Proposed ECAD expansion on agenda for Jan. 25 P&Z meeting

Winsted Town Seal
Winsted Town Seal

WINSTED — The Planning and Zoning Commission has scheduled a public hearing on Monday, Jan. 25 at 7 p.m. for a special permit application by Educated Canines Assisting with Disabilities (ECAD).
The organization, located at 149 Newfield Road, is a 501(c)(3) is operated by Dale Picard and the Director of Programs Lu Picard.
According to the organization’s website at, the mission of the organization is to train dogs to help people with disabilities.
In a previous interview, Dale Picard told The Winsted Phoenix that ECAD has been trying to obtain the special permit since February.
In the previous special permit application, a representative from ECAD wrote that the project is Phase 3 of a site plan that was previously approved in April 2016.
The building would allow for the housing of adult service dogs in training and would be located proximal to the existing training facility.
In the updated special permit application, which was submitted to the town on Dec. 14, the plan now includes “…appurtenant parking that was deferred under the original approval, a septic system, stormwater management facilities, and site grading.”
“The proposed plan further enhances the existing stormwater quality management on the property, including treating the water quality volume from impervious surfaces,” Dale Picard wrote in the application. “The methods employed include the use of stormwater quality basins and infiltration through pervious pavers.”
Picard added “As part of the special permit application, the applicant is requesting up to a five percent bonus for impervious surfaces allowing the impervious surface coverage area to increase from 15 percent to 20 percent.

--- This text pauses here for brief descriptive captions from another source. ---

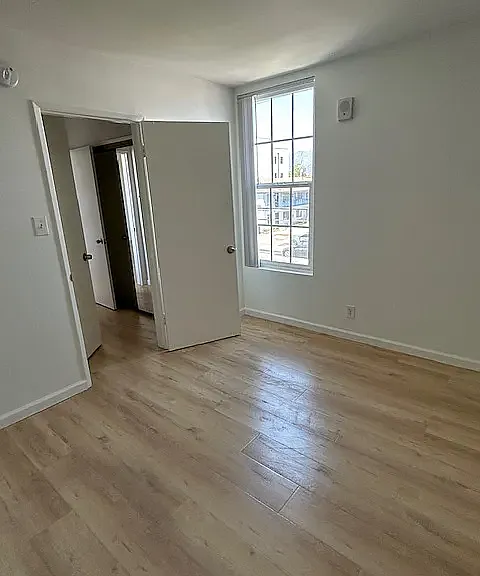 5225 Cahuenga Blvd #19 — Photo 5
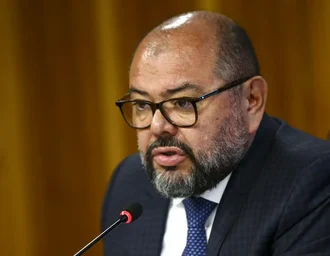 PF aponta ex-ministro de Bolsonaro como pilar institucional de desvios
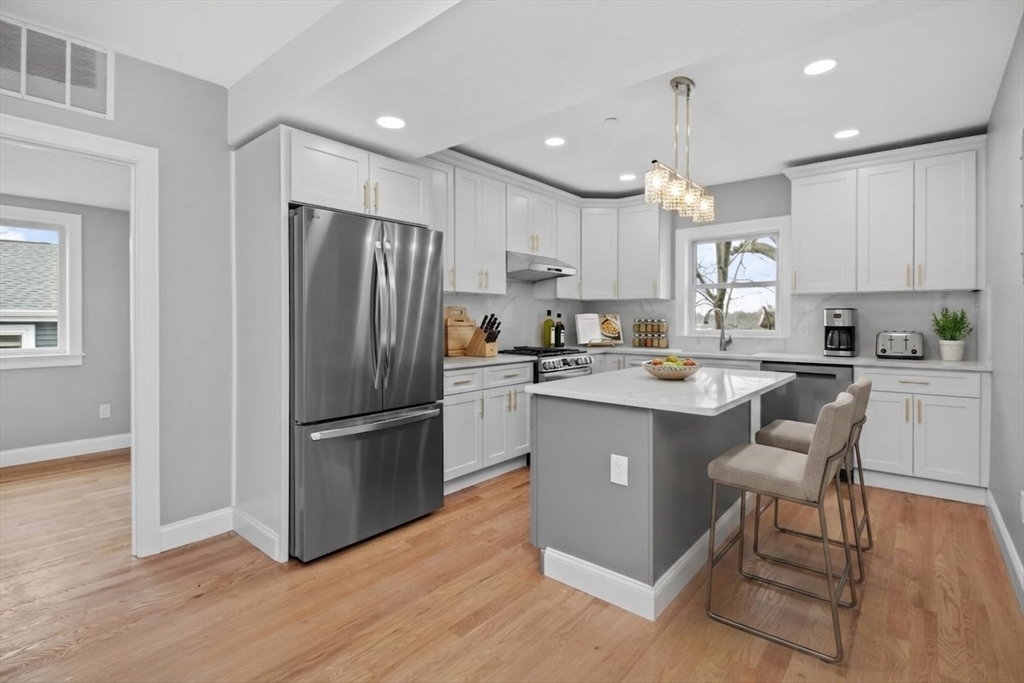 66 Stanley St, Boston, Massachusetts, 3 Bedrooms Bedrooms, 5 Rooms Rooms,2 BathroomsBathrooms,Residential Lease,For Rent,Stanley St,73516412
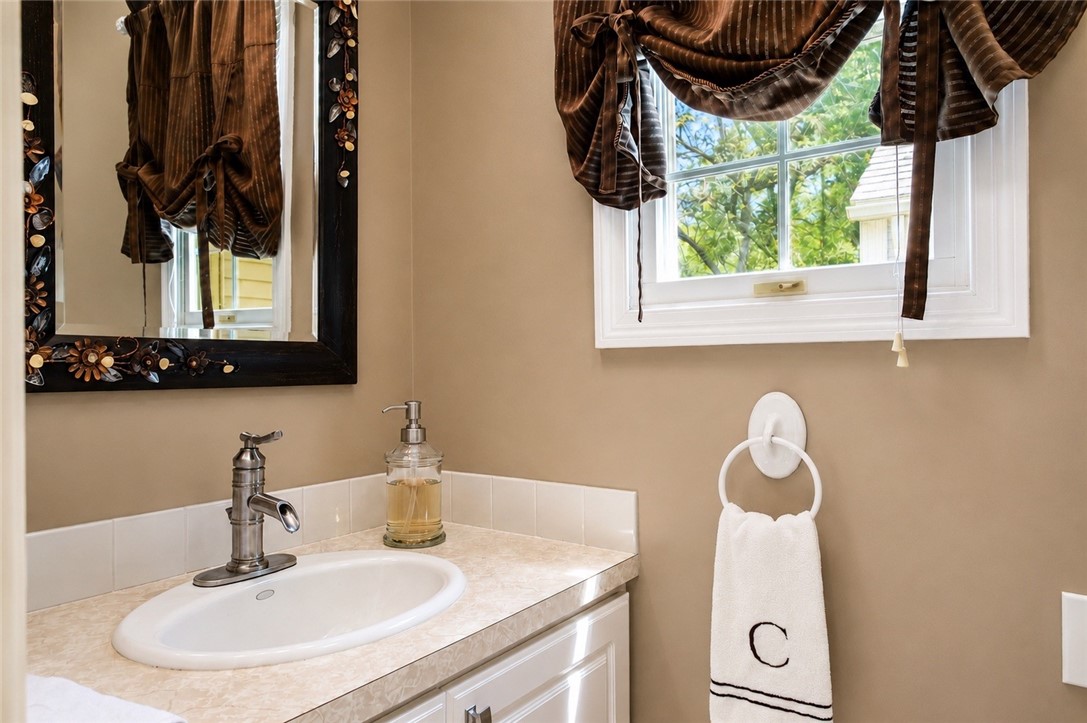 35 Leuba Road Coventry, RI 02816 - Photo 15 of 42
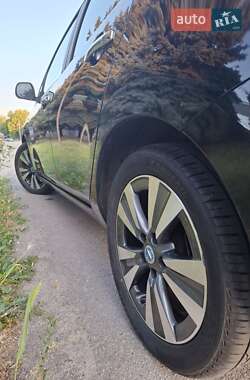 Хэтчбек Nissan Leaf 2013 в 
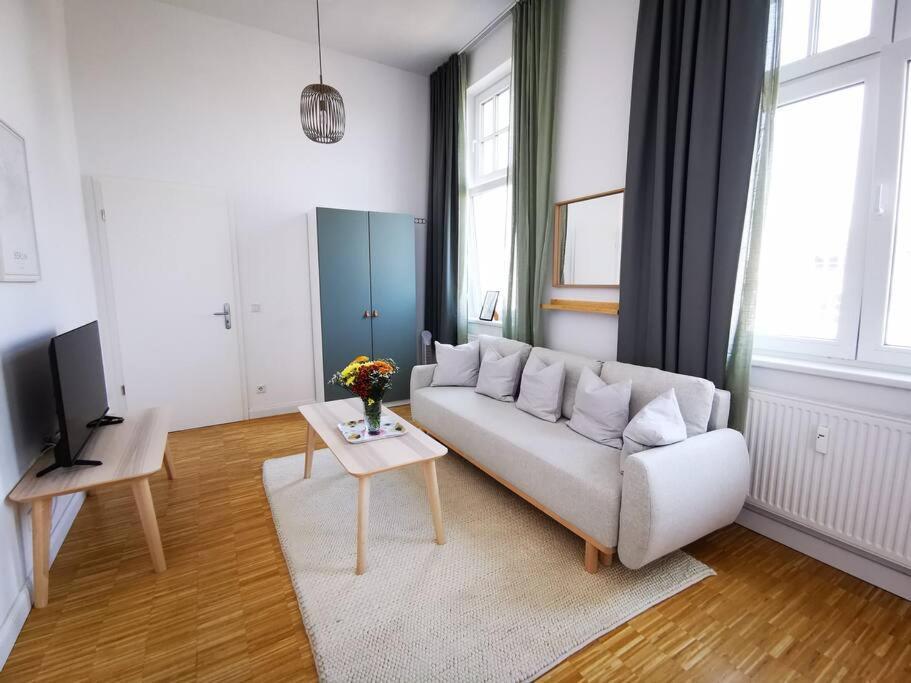 Sc 07 By Rockchair L Superhost Status L 2,5 Bedrooms Boxspringbeds Balcony Elevator Welcomes You! Berlino
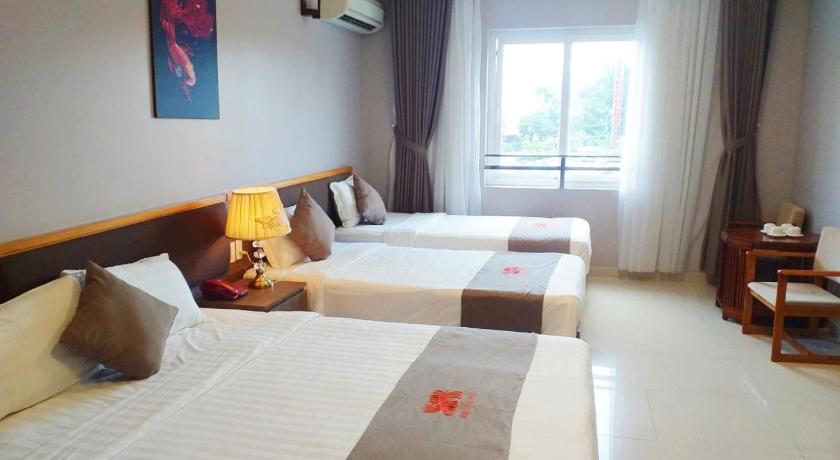 Image of Quadruple Room with Sea View 1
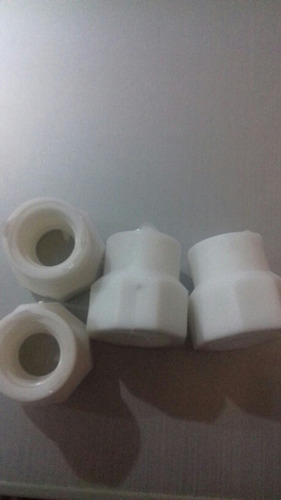 Reduccion Plastica De Rosca De 3/4 A 1/2  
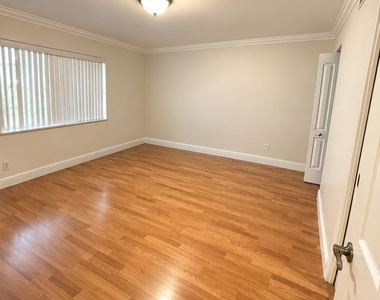 1400 Nw 45th Street - Photo Thumbnail 4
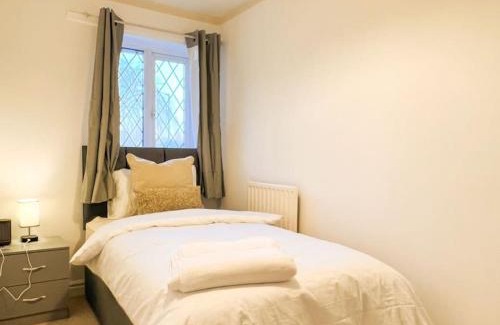 Broadheath House | Simple House w- FREE PARKING by Manchester Airport - FREE DROP-OFF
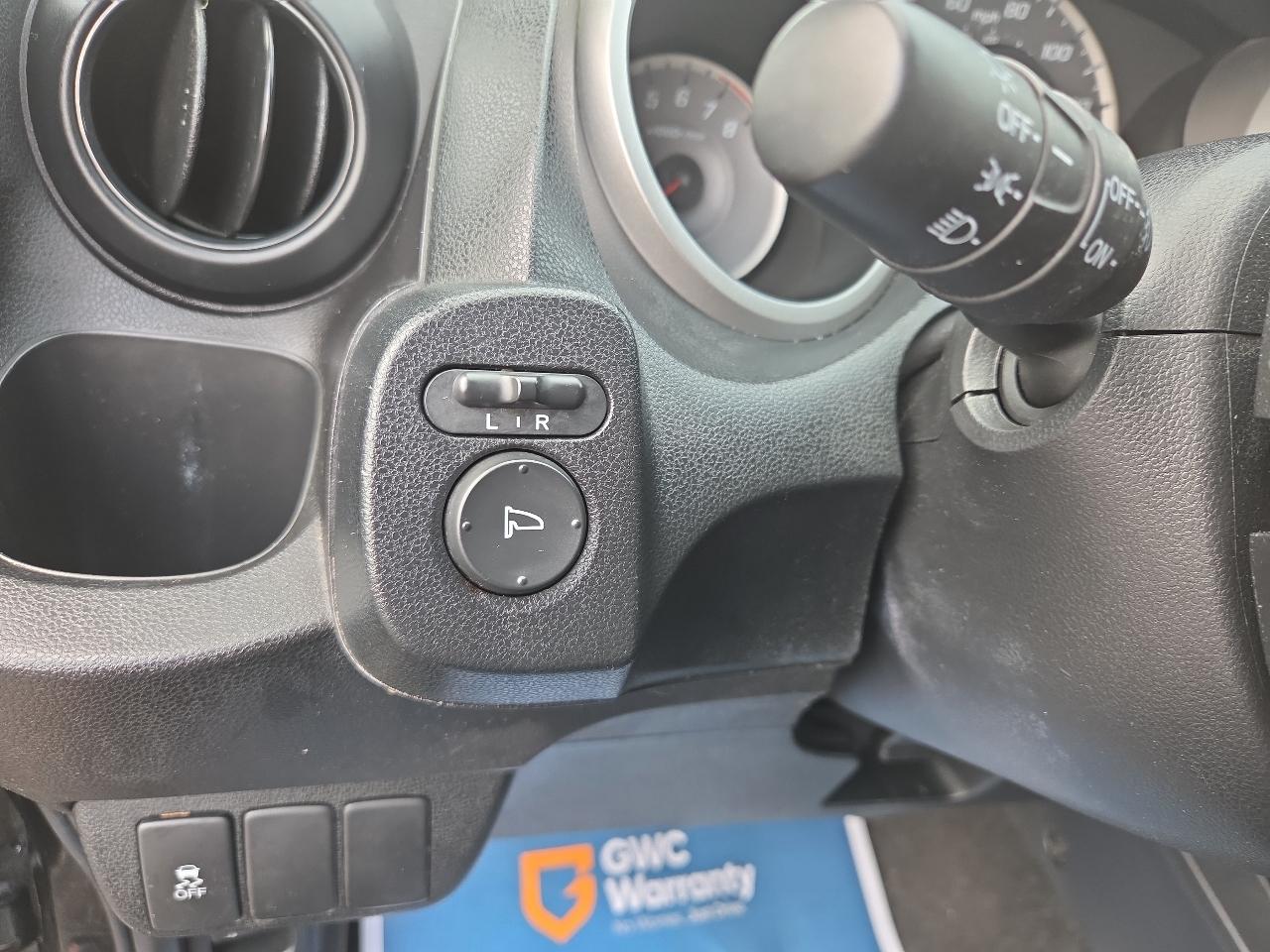Honda Fit Sport 5-Speed AT 2011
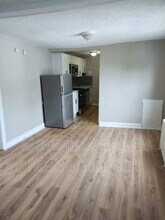 100 E Holly in Oaklyn, NJ - Foto de edificio - Building Photo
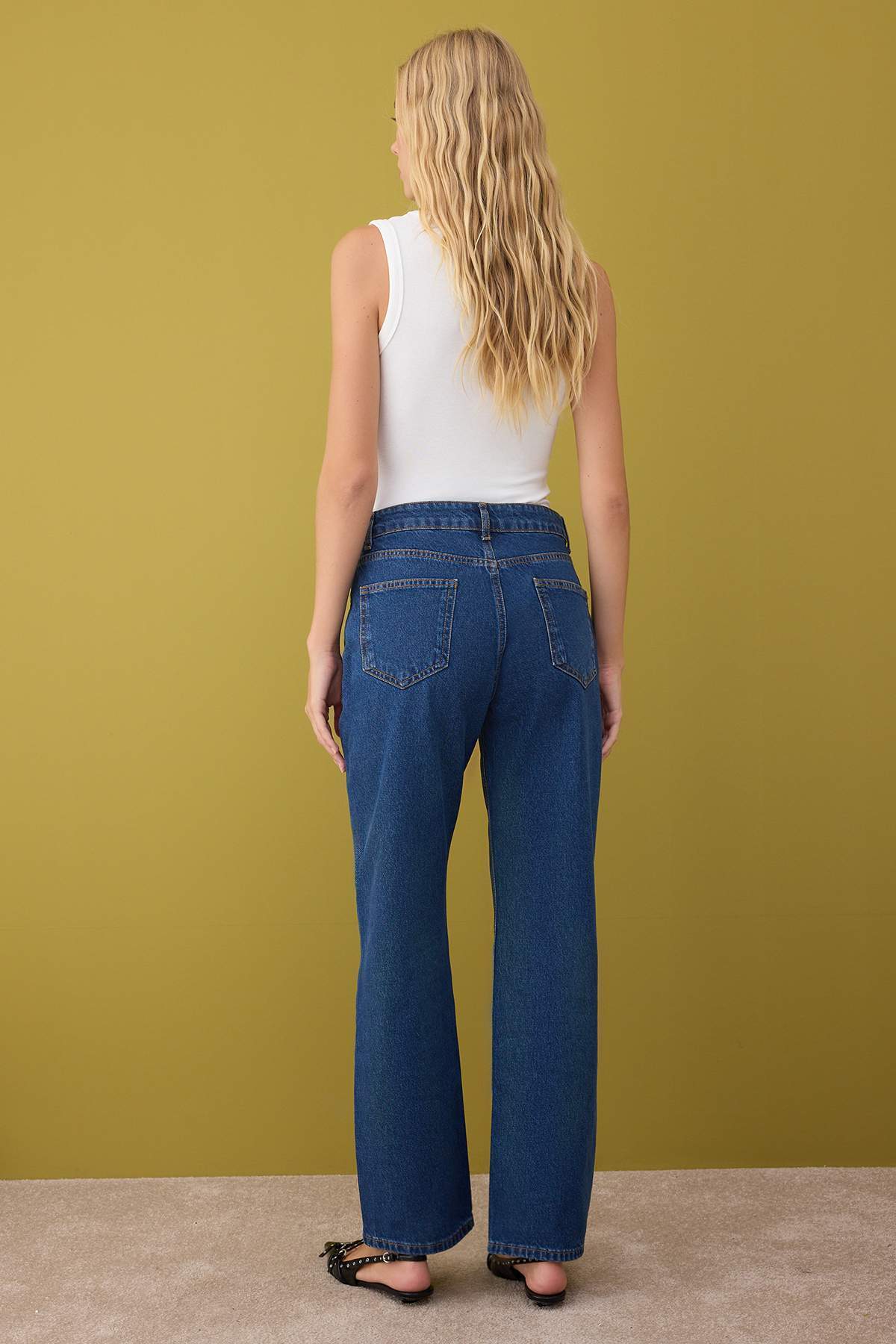 Trendyolmilla  Koyu Mavi Yüksek Bel Straight Jeans TWOAW26JE00158 - Görsel 4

The existing conditions impervious area is 14.58 percent. Under the proposed conditions, an additional 4.51 percent will be added, bringing the total impervious coverage to 19.10 percent. It should be noted that the 4.51 percent increase must be offset by employing LID measures on the property.”
ECAD’s neighbors views
The Newfield Road property has been owned by ECAD since 2003.
According to the town’s property database, there are currently three buildings on the five-acre property: a 3,669 square foot building built in 1928, a 2,132 square foot building built in 2004, and an 8,670 square foot canine education and wellness center that was built in 2018.
According to the town’s zoning map, ECAD is located in an RR Rural Residential district.
However, the town’s zoning regulations state that certain uses for properties are allowable with a special permit, including training kennels.
For the original special permit application submitted earlier this year, several residents submitted their objections, including neighbors William Pozzo, who lives on 149 Newfield Road, and Amy Reeve, who lives on 147 Newfield Road.
Both Pozzo and Reeve told the Winsted Phoenix that the construction of ECAD’s canine education and wellness center in 2018 has had a significant negative impact on both their properties and their lives.
They said that, if approved by the Planning and Zoning Commission, the additional building planned by ECAD would have an even further negative impact.
“ECAD operates every single day and there is quite a lot of traffic,” Reeve said. “From our property, we have a clear view of the education and wellness center’s parking lot, along with the handicapped parking signs. We also have a view of the space where they are proposing to build this second building.”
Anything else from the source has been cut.